To me quite the opposite seems the case: He was taking Turkey and its distinct culture very seriously when he questioned whether this sort of loss would be worth it for Turkey. He expressed himself in favor of a Turkey that may be a bridge between Europe and the East precisely because of its own distinct identity, rooted in Islam rather than Christianity.
This line of thinking is not necessarily an expression of a clash-of-civilizations worldview. I see it in line with a recurring theme in the writings of Joseph Ratzinger: that religion and culture cannot be separated.
This is why he expressed himself in favor of close forms of association and collaboration that at the same time would not abandon the cultural concept of a Europe rooted in Christianity.
Ironically, I heard this same point made by Turkish intellectuals and Muslim authorities, only that they start by saying that Turkey should be part of the EU for economic reasons and then admit that, of course, it should maintain its own culture, rooted in Islam.
Q: How does the Regensburg lecture (published on Catholic Online) fit into all this?
Schmid: The Pope's point was that a dialogue of religions can only take place where there is room for both faith and reason. He warned against two extremes: a rationality that rejects religion and a religion that rejects rationality.

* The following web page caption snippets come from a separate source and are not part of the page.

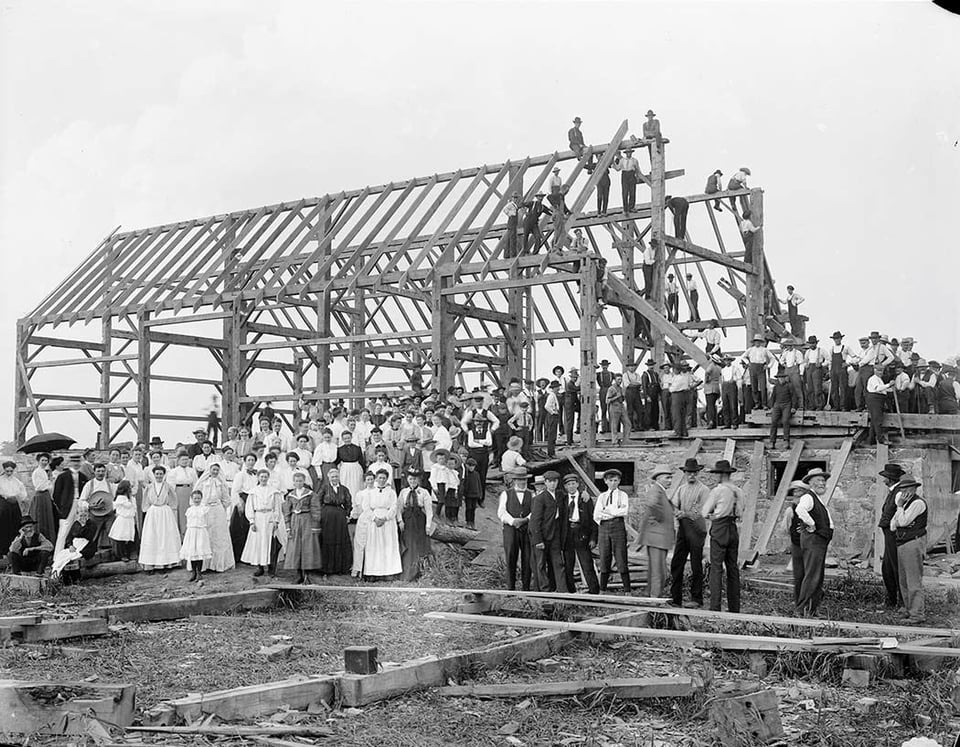 Black and white photo of a large group of people raising a barn.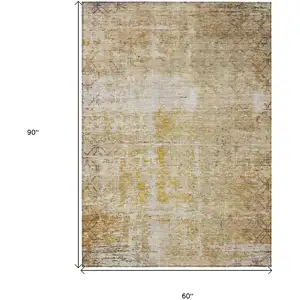 Photo of Gold Brown And Beige Geometric Washable Indoor Outdoor Area Rug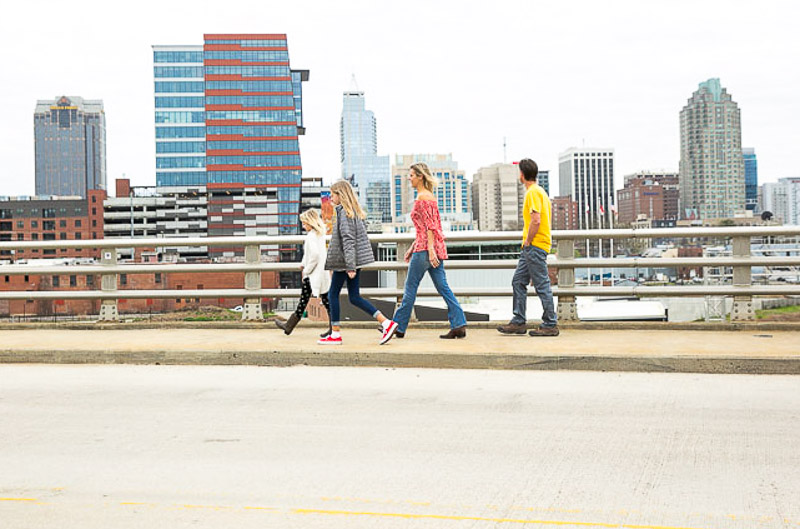 people walking across a bridge with a city in the background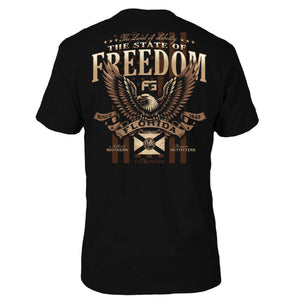 Black t-shirt with an eagle graphic and text 'THE STATE OF FREEDOM' on the back.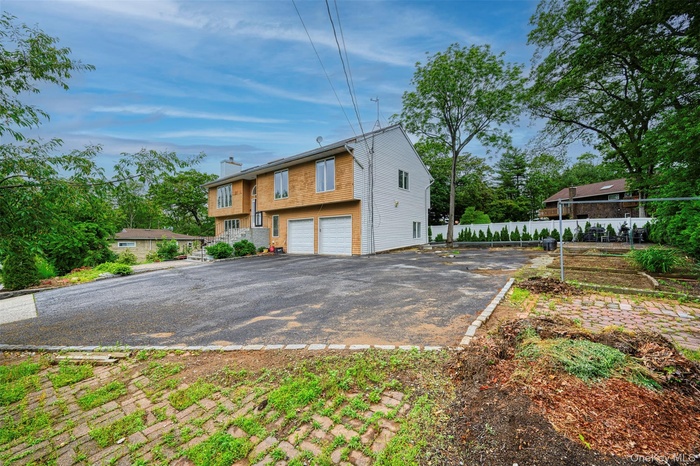 View of front facade featuring a garage, driveway, and a chimney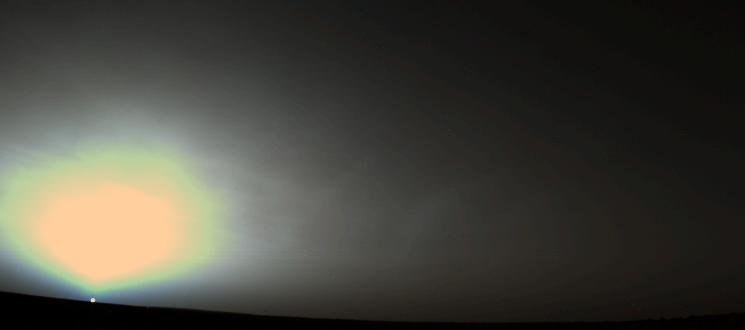 The small dot of the Sun peeks over a dark Martian horizon.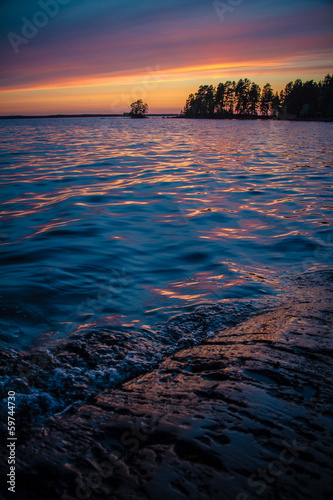 Golden blue Sunset over Scandinavian rocky lake forest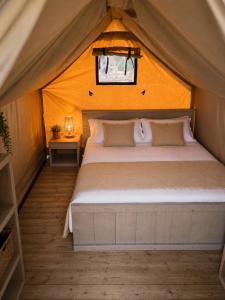 a bedroom with a bed in a tent at Camping Derby Loredo by Mola! in Loredo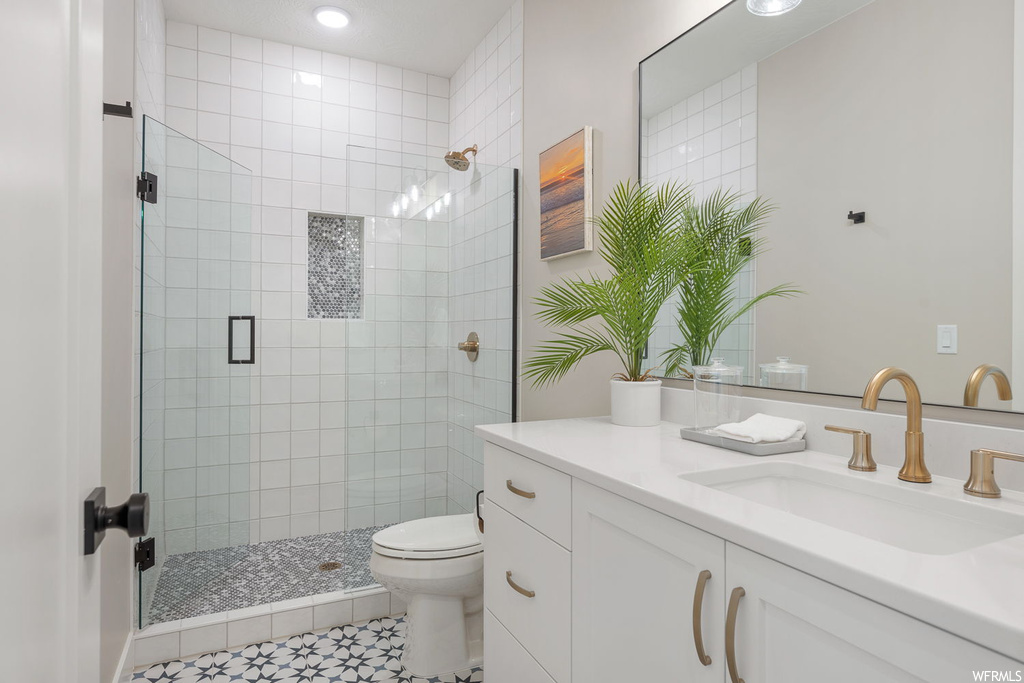 Bathroom featuring toilet, tile floors, a shower with door, and vanity with extensive cabinet space
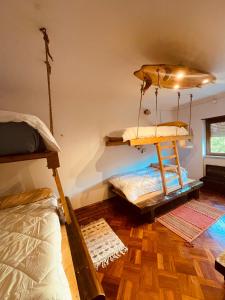 a bedroom with two bunk beds in a room at Lisbon Soul Surf Camp in Cascais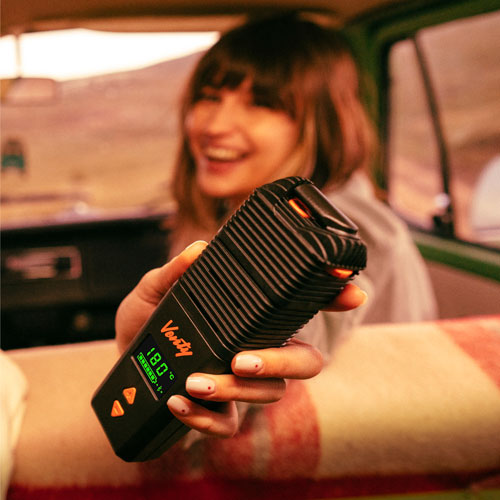 Woman holding a venty out of the window of her car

He tried to show that "whether God has to act in accordance with reason" for any religion is a question with far-reaching consequences. To illustrate that it is not a new question he quoted the now infamous 14th-century emperor Paleologus accusing Islam of getting the answer wrong. But the Pope also looked at Christianity and its own moments of placing God above and beyond reason. So, I think he tried to initiate a conversation on the level of a philosophy of religion.
It didn't seem to go so well at the time and Pope Benedict's meeting with the highest Muslim authority, the president of religious affairs, is made awkward by the fact that he was someone who spoke out very quickly and very strongly against the Regensburg speech, though he later admitted that he had not read it. But as the Grand Mufti of Istanbul said in this context: What starts out badly may still come to a good end.